Do you drain oil hot or cold?

Warm is the right answer — not stone cold, not straight off a long drive. Run the engine five to ten minutes so the oil is fluid enough to drain cleanly, then let it sit a few minutes before you start. Draining cold leaves more residue; draining dangerously hot risks burns.

How do I remove a stuck oil filter?

Use an oil filter wrench sized for your filter — cup, strap or claw style depending on clearance. Break it loose gently to avoid tearing the gasket. As a last resort on a filter you’re discarding, a long screwdriver driven through the canister gives leverage. Our oil filter guide covers wrench types.
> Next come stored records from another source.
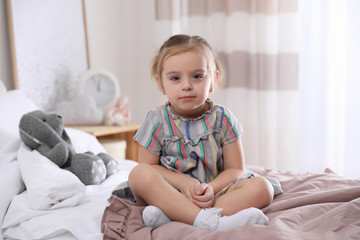 Wall Mural - Cute little girl sitting on bed at home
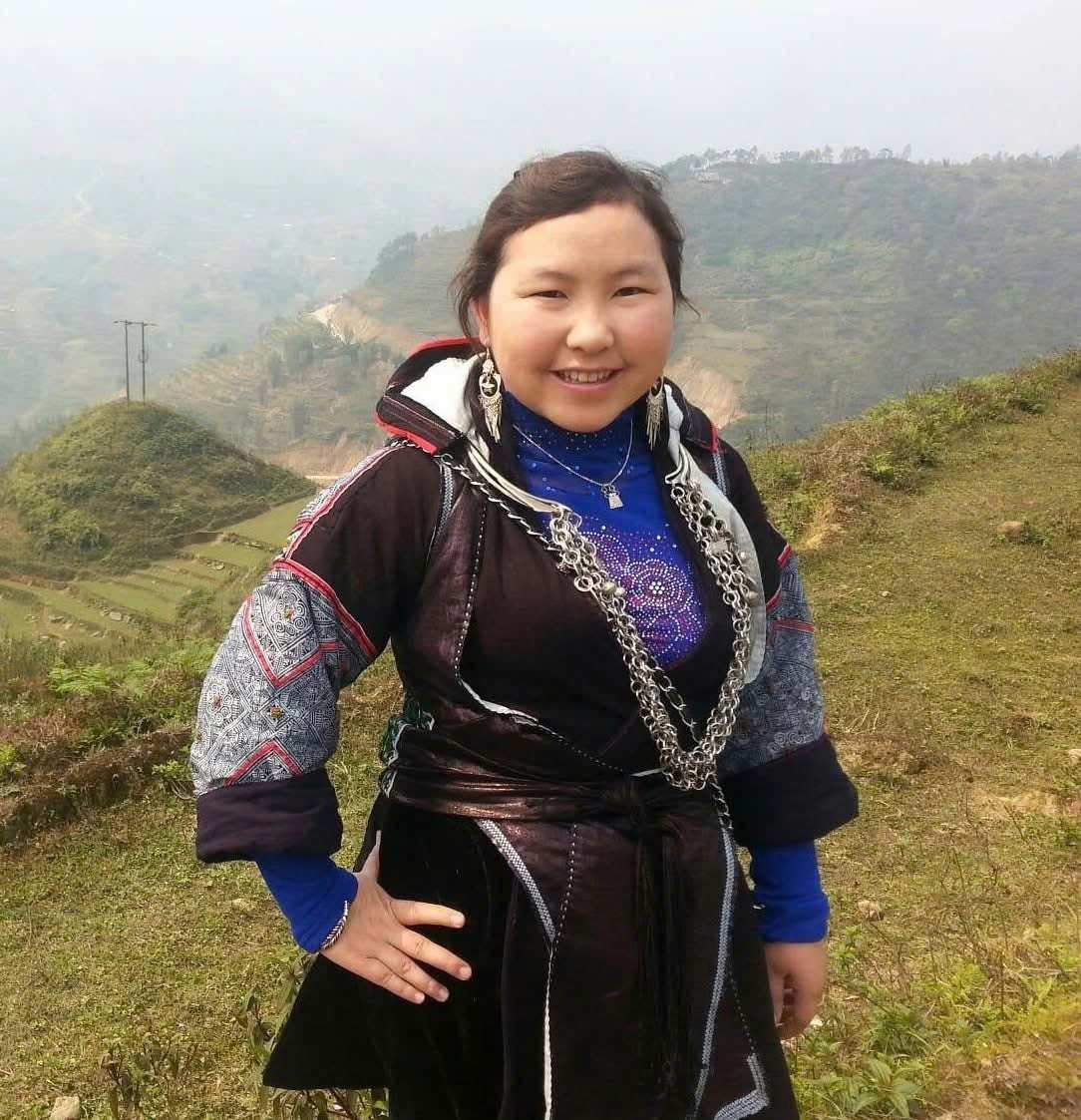 Guest trying on a heirloom Hmong costume for photos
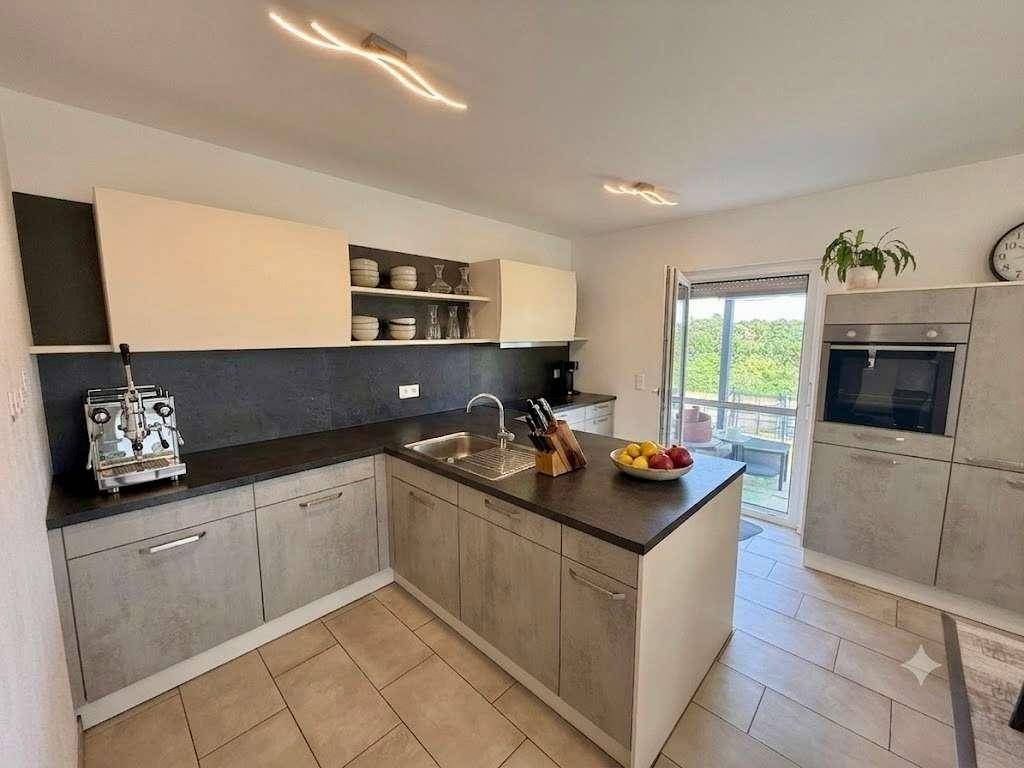 Moderne Küche mit Kücheninsel, integrierten Geräten und Zugang zur Terrasse mit Weitblick.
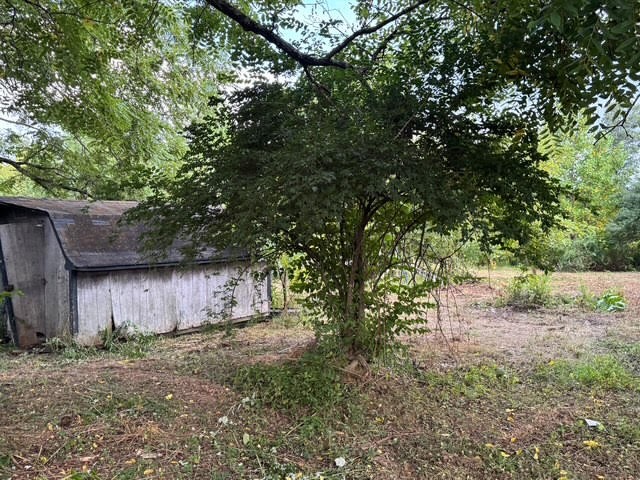 1070 West Rock Quarry Road Clarkrange, TN 38553 - Photo 2 of 12 a backyard of a house with lots of green space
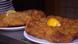 Two schnitzels on plates Two schnitzels on plates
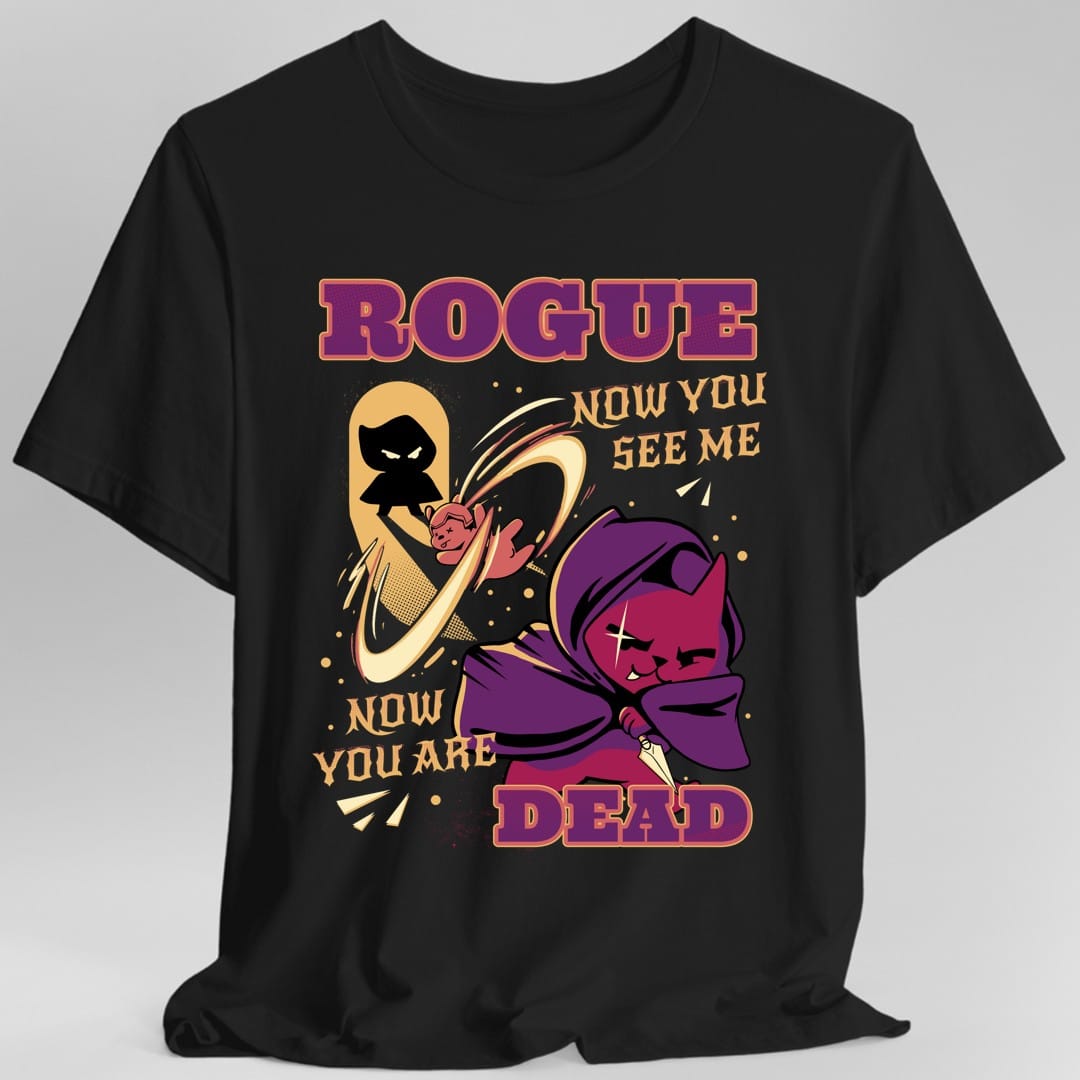 Black t-shirt. Reads "Rogue" across the top in purple and gold capitals, with "Now you see me" to the right and "Now you are dead" at the bottom in cream. In the middle a small pink cat in a purple hooded cloak holds a dagger, with its own black silhouette swirling away behind it.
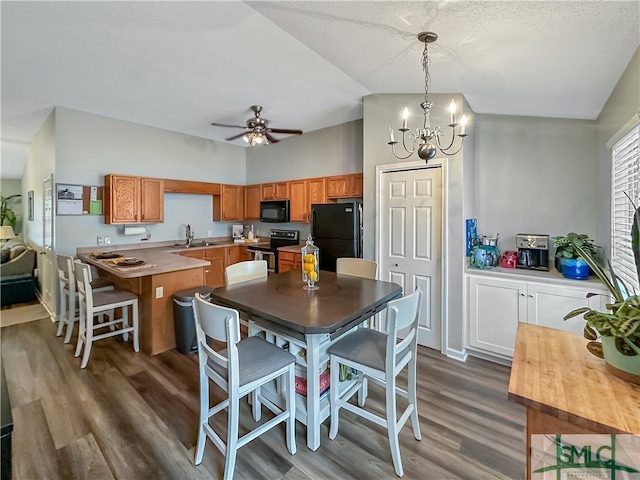 dining area featuring ceiling fan with notable chandelier, dark hardwood / wood-style flooring, vaulted ceiling, a textured ceiling, and sink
How much oil do I put back in?

Check your manual for the exact capacity — it varies by engine and shouldn’t be guessed. Add roughly 80% first, then fine-tune with the dipstick to the upper half of the min–max range, never over MAX. The number on the bottle is not your guide; the number in the manual is.

Do I need a new crush washer every time?

For single-use aluminium or copper washers, yes. The washer deforms once under torque to seal, so a reused one can weep. They cost almost nothing — replace it every change unless your vehicle specifically uses a reusable plug.

Is it safe to change oil with just a floor jack?

No. A jack is for lifting, not supporting. Always lower the car onto rated axle stands at the manufacturer’s support points (with wheel chocks), or use ramps. Never put any part of your body under a car held up only by a jack.